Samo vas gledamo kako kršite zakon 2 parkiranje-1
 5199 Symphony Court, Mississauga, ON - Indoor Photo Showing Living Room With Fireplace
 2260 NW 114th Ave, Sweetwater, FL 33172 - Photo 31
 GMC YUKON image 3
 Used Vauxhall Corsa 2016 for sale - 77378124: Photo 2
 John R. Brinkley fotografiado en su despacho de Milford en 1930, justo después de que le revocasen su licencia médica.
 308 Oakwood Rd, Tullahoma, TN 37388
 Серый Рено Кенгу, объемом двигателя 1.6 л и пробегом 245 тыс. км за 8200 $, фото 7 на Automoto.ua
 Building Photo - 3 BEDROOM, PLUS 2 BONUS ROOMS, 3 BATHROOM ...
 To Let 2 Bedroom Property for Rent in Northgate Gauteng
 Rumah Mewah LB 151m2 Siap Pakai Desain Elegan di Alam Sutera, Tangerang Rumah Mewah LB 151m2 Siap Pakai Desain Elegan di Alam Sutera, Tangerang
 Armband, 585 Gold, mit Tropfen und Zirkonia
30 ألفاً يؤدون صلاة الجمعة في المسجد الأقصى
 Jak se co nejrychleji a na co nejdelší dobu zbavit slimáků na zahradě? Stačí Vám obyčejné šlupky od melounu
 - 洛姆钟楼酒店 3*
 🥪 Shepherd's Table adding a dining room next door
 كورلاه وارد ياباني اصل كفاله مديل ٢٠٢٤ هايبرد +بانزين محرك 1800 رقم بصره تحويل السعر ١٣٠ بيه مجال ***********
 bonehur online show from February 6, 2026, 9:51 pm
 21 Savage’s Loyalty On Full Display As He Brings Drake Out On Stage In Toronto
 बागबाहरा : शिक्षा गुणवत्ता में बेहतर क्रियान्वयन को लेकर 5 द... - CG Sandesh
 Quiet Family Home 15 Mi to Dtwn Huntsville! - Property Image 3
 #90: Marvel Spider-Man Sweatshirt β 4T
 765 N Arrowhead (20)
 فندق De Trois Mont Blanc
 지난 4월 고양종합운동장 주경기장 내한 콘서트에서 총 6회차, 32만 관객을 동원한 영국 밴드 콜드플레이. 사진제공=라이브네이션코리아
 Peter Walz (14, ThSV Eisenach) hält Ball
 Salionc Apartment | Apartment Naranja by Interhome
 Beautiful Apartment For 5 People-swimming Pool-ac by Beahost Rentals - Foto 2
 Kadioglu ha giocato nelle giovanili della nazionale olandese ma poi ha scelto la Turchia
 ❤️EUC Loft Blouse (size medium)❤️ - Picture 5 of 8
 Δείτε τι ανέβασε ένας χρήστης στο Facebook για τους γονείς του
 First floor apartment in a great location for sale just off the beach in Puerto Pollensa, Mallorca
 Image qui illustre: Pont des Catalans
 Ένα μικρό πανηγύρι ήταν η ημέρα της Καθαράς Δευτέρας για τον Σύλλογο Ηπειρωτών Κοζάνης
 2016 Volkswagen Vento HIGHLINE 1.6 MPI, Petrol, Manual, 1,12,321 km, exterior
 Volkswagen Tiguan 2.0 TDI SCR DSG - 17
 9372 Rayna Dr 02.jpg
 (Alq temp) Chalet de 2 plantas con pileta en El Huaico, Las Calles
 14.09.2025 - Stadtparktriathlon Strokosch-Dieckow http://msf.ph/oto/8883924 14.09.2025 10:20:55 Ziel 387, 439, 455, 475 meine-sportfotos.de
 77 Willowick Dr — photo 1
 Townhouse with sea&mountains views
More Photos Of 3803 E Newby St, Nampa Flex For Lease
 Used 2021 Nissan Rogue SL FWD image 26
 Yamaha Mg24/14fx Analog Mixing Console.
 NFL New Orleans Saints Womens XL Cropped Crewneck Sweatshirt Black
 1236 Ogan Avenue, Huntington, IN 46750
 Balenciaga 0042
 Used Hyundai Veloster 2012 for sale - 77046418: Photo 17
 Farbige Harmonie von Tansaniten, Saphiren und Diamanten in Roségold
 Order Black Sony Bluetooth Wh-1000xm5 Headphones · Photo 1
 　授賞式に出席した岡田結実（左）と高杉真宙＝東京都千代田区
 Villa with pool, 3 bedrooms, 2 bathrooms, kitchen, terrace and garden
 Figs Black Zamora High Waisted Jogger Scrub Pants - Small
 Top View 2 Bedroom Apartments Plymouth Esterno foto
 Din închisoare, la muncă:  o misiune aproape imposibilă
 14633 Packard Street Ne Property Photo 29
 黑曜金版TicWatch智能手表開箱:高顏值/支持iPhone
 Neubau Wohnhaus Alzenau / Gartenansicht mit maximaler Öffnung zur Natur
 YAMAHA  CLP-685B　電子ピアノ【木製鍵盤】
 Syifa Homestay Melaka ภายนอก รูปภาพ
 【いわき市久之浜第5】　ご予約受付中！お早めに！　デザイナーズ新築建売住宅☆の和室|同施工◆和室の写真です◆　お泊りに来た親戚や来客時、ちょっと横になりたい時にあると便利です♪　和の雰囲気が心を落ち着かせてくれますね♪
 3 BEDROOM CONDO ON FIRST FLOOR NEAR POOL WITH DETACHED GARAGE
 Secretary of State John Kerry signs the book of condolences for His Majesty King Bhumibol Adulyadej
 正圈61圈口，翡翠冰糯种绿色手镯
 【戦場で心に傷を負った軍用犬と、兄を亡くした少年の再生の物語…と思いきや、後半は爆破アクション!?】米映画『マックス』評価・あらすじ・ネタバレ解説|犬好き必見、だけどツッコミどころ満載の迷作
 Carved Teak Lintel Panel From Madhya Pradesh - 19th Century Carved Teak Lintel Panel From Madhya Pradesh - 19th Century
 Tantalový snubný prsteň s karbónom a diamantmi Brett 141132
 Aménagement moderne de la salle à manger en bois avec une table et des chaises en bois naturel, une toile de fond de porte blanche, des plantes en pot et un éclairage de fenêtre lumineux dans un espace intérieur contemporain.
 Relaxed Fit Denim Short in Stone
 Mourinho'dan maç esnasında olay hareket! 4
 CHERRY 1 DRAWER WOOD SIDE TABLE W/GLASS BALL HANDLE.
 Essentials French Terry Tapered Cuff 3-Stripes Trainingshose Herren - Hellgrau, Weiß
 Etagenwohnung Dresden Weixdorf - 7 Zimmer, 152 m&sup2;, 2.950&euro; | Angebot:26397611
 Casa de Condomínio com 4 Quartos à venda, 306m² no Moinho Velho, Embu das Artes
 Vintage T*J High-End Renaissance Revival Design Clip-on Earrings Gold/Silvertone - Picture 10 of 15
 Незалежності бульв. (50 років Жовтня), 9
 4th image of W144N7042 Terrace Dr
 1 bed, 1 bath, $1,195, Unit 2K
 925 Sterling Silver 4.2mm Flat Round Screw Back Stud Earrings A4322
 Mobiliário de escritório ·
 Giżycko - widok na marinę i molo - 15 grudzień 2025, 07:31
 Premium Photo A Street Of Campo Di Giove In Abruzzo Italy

--

■ Assignment: A bare number is required: the count of lines above with the string "Picture".

■ Exercise result: 2